« Ne pas réanimer »…et pourtant ils survivent !

En dépit de grands progrès réalisés au cours des dernières décennies en matière de technologie et de gestion des arrêts cardiaques extra-hospitaliers, le taux de survie global reste très faible : inférieur à 1 % en Chine et 12 % aux États-Unis. Encore plus frustrant, voire décourageant est l’état neurologique à la sortie de l’hôpital : 11 à 44 % des survivants présentent une déficience neurologique dont 26 % avec des gênes importantes dans la vie quotidienne. La décision " Ne pas réanimer " était à l'origine destinée aux patients porteurs de pathologies irréversibles en fin de vie. Elle a ensuite été étendue à 32,5 % des patients hospitalisés après réanimation d’un arrêt cardiaques extra-hospitalier et signée dans les 24 premières heures, selon une étude récente.

La décision de ne pas réanimer est un élément important qui contribue à aggraver le pronostic d'un arrêt cardiaque extra-hospitalier (ACEH). Cependant, il arrive, de façon surprenante, que certains des patients pour lesquels une telle décision a été prise lors de l’admission à l’hôpital survivent et récupèrent un état neurologique satisfaisant ! Quelles sont donc les caractéristiques cliniques de ces « trompe-la-mort » et quels sont les facteurs associés à un bon pronostic ?
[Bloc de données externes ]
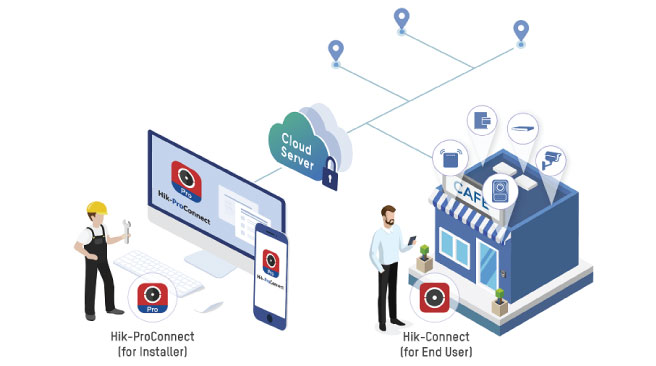 Converged Security Devices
Une analyse observationnelle rétrospective a inclus tous les adultes ayant présenté un ACEH d’origine non traumatique au sein de l'étude Resuscitation Outcomes Consortium, de juin 2007 à novembre 2009, pour lesquels une décision de non réanimation avait été prise lors de leur admission.

Près de 6 % de rescapés

Parmi les 2 289 patients (de 18 à 89 ans) recrutés dans une dizaine d’hôpitaux canadiens et américains, admis avec ordre de ne pas réanimer, 132 (5,8 %) ont survécu jusqu'à leur sortie de l'hôpital, dont 28 (1,2 %) avec un bon pronostic neurologique (Score de Rankin modifié ≤ 3).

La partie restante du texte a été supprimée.